It took a public grilling in a hot conference room, but a gun control bill got one step closer to a full state Senate vote.
State Sen. Brian Kavanagh forced a vote on S1733a at the Senate Judiciary Committee hearing on Tuesday. The bill would allow judges to issue temporary orders prohibiting someone from buying or possessing a gun. Gun control and gun safety advocates nationwide have jumped on such extreme risk protection orders, or ERPOs, as a way to prevent people who are “extreme risks” of committing violence from having guns.
“Lives are literally on the line,” Kavanagh said at a press conference ahead of the meeting. “We need to do it now.”
But “now” couldn’t happen before a debate. State Senate Judiciary Committee Chairman John Bonacic peppered Kavanagh with questions, making the Manhattan Democrat defend his bill from every angle. What if the person deemed to be an extreme risk lives with somebody else with a gun? Could this order be weaponized in divorce proceedings? If somebody is wrongfully deemed a risk, could they sue the person who reported them “for putting this person through hell?”
Kavanagh said he “wouldn’t characterize it as hell. I would characterize it as a reasonable judicial proceeding … that may well be initiated for the safety of the respondent.”
But in a hot conference room on the first floor of the state Capitol, the Hudson Valley Republican grilled Kavanagh for more than 30 minutes, nearly uninterrupted by the other seven senators. Aides and activists lined the walls of the room, some in the red shirts of Moms Demand Action, others in the orange of New Yorkers Against Gun Violence.
Amid the questioning, it became clear the debate was about more than just Kavanagh’s bill. It was about the national debate over school shootings and how lawmakers should be responding.

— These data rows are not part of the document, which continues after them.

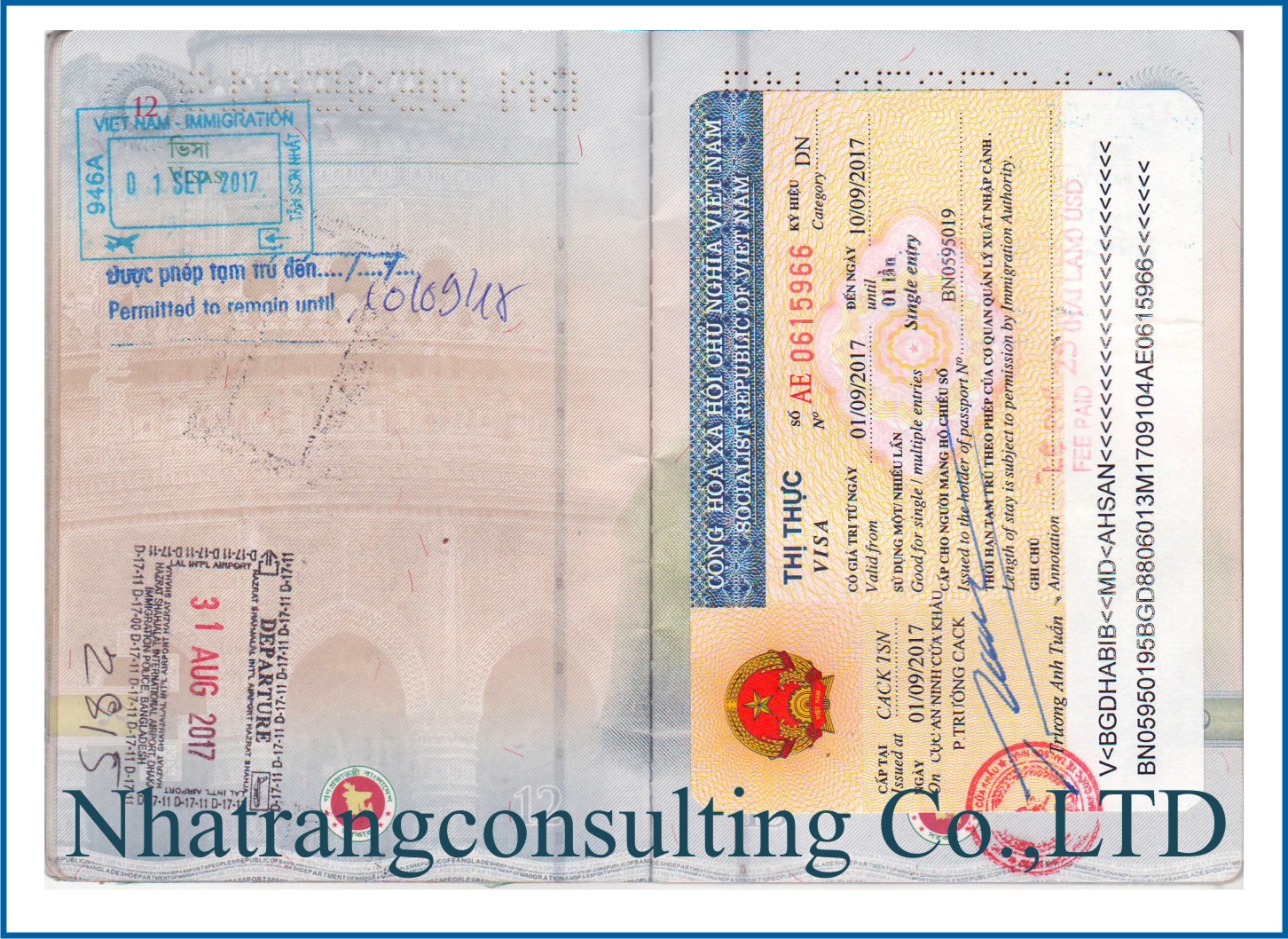 Gia hạn Visa cho người nước ngoài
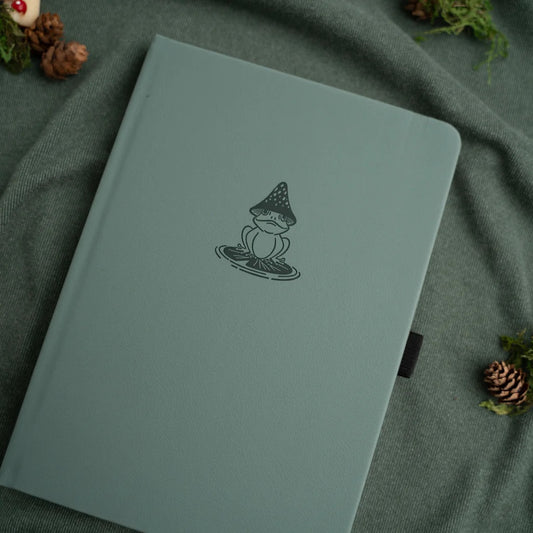 A5 Frog - 128 Pages - White Dot Grid Notebook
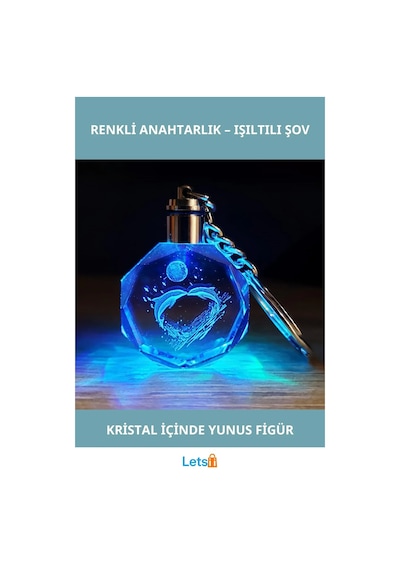 Yunus Balığı Motifli Renk Değiştiren Işıklı Anahtarlık 10cm Çok Renkli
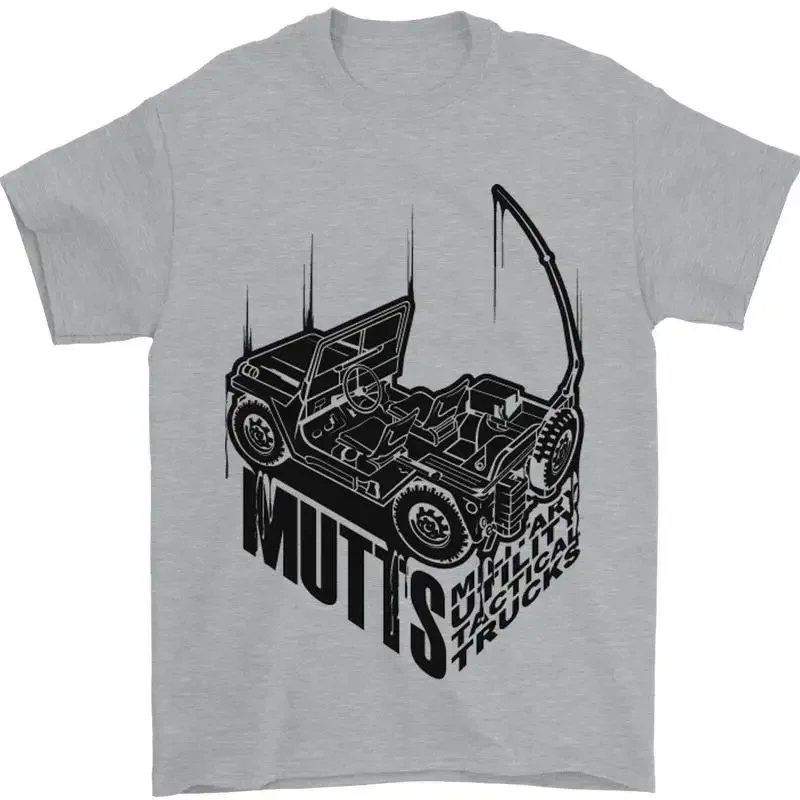 Mutts Militär Utility Taktische Lkw 4x4 Herren 100% Baumwoll T shirt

“It sounds that (the bill) has some merit, but bottom line, it’s a backdoor way of attacking the Second Amendment,” Bonacic said.
The chairman also argued that Democrats favored gun control more than school safety and criticized for not showing more support for the Republican majority’s school safety package, which passed in March.
“If there was more bipartisan support when it came to children’s safety, maybe people would think differently,” Bonacic said. “But they think everything that’s done here is for political purposes and reelection.”
But by the end of the meeting, Kavanagh had won over lawmakers of both parties, and the bill passed committee, 19-3. Bonacic was one of the “no” votes.
The ERPO bill is still far from becoming law – Tuesday’s committee vote merely passed it on to the Codes Committee – but Kavanagh was optimistic.
A companion bill has passed the Democratic-led Assembly the past two years, with Republican support.
“I’m very optimistic that we’re going to pass this bill before we adjourn the regular session,” Kavanagh said.